[Collected data]
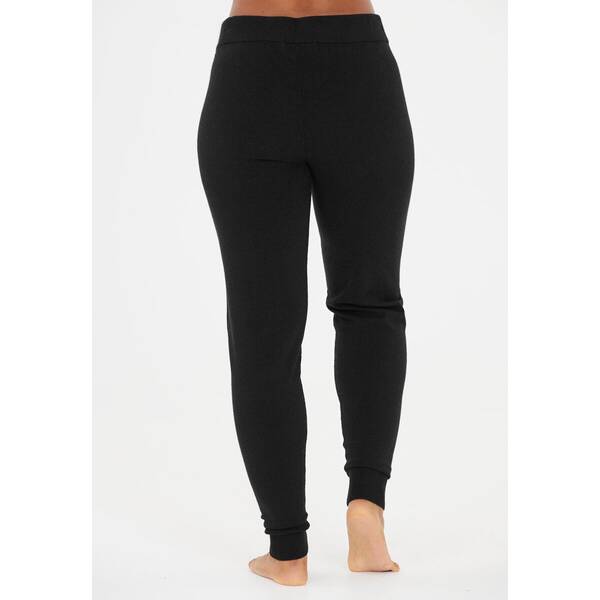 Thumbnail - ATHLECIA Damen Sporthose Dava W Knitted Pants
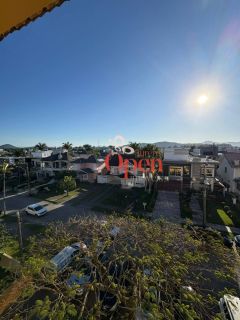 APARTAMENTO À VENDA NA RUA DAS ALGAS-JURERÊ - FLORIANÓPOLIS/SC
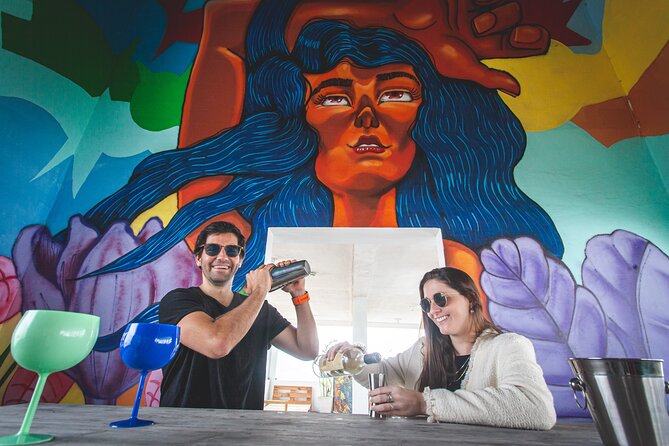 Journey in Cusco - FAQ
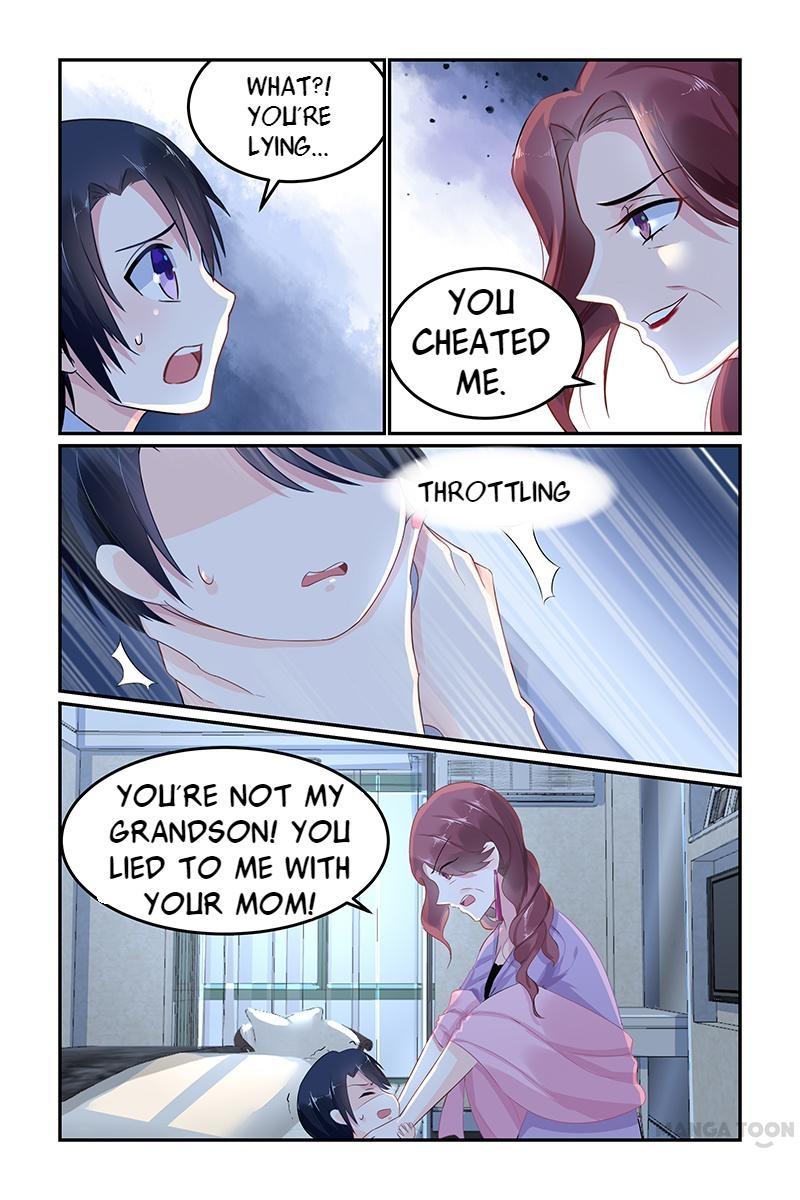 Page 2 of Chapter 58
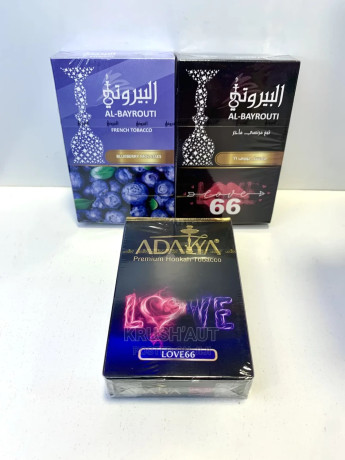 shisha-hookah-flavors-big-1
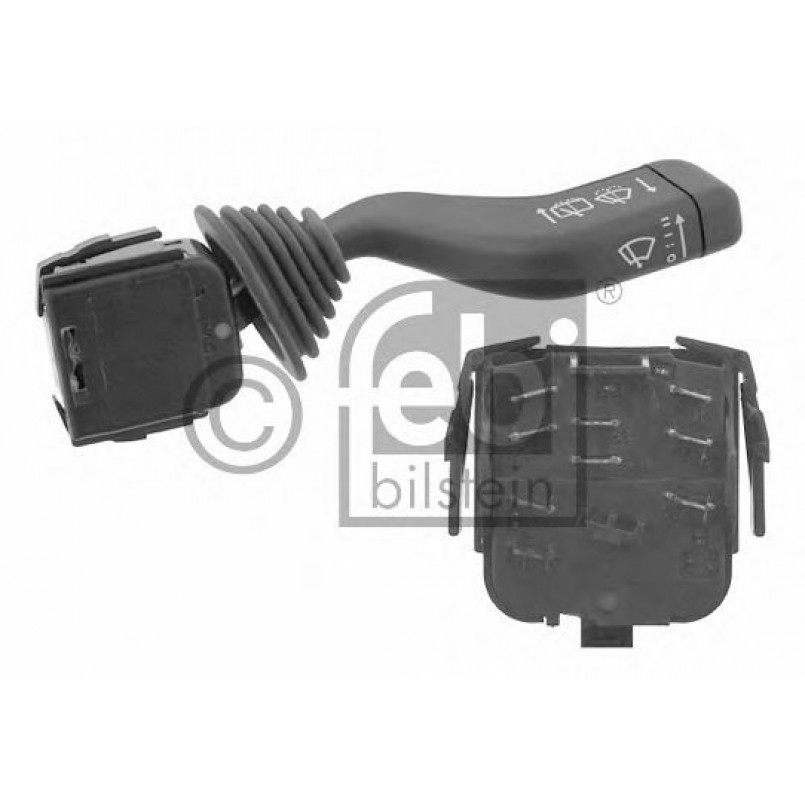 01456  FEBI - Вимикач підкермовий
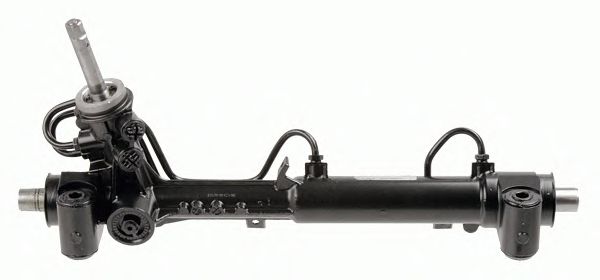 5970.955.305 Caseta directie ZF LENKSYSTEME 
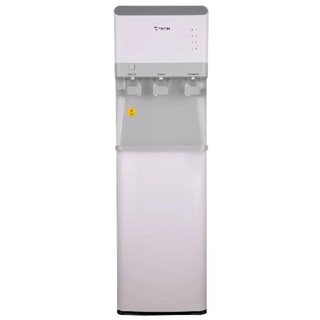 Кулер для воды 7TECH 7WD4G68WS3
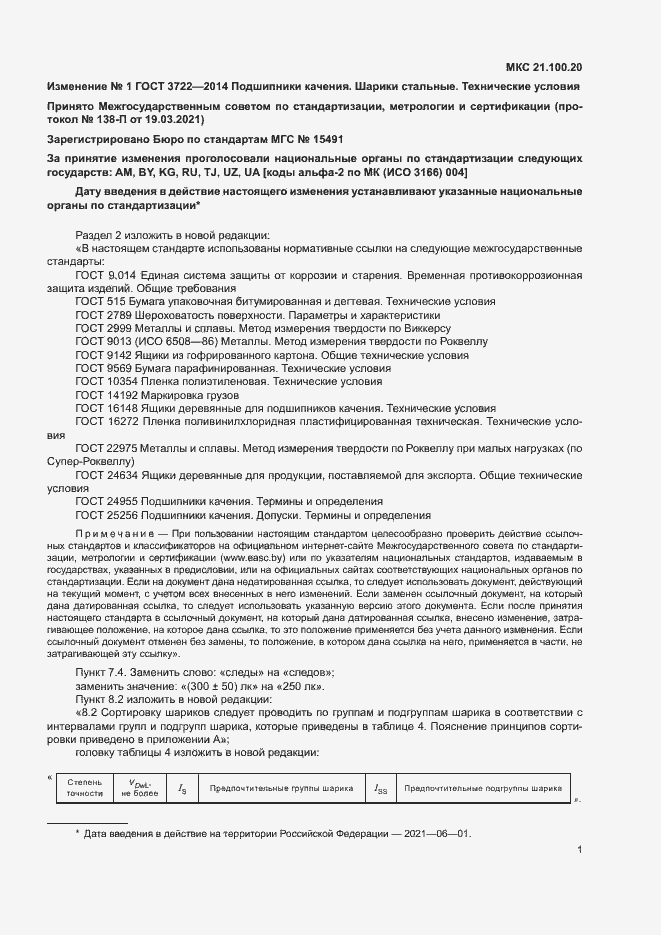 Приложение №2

--

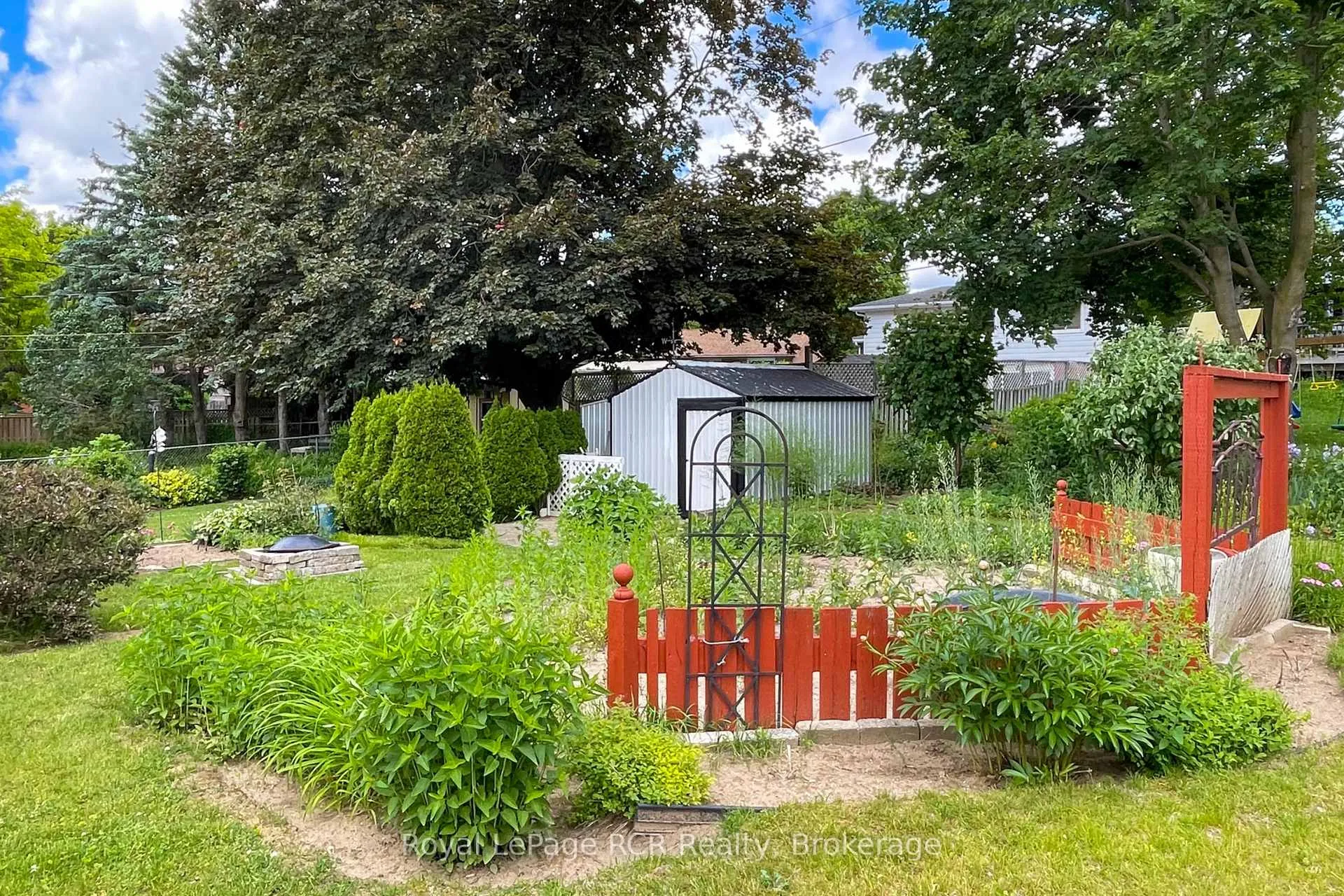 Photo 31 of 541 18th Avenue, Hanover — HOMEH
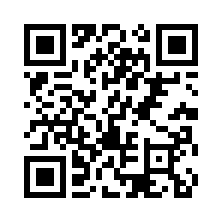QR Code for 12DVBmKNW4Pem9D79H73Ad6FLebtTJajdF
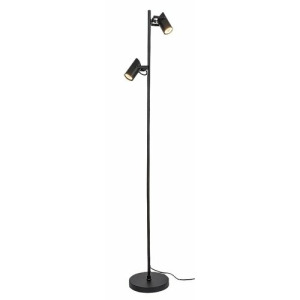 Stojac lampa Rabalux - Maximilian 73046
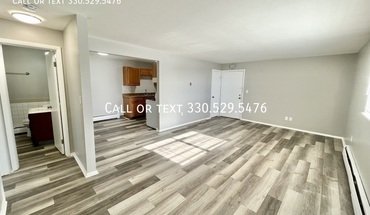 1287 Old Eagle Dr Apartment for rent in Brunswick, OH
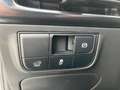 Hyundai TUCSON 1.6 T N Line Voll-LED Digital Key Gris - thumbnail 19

## Description of the task
While skipping the pictures, transcribe the data above from the line showing "Stojac lampa Rabalux - Maximilian 73046" through the line showing "Hyundai TUCSON 1.6", exactly and with both ends.

## Response
 Stojac lampa Rabalux - Maximilian 73046
 1287 Old Eagle Dr Apartment for rent in Brunswick, OH
 Hyundai TUCSON 1.6 T N Line Voll-LED Digital Key Gris - thumbnail 19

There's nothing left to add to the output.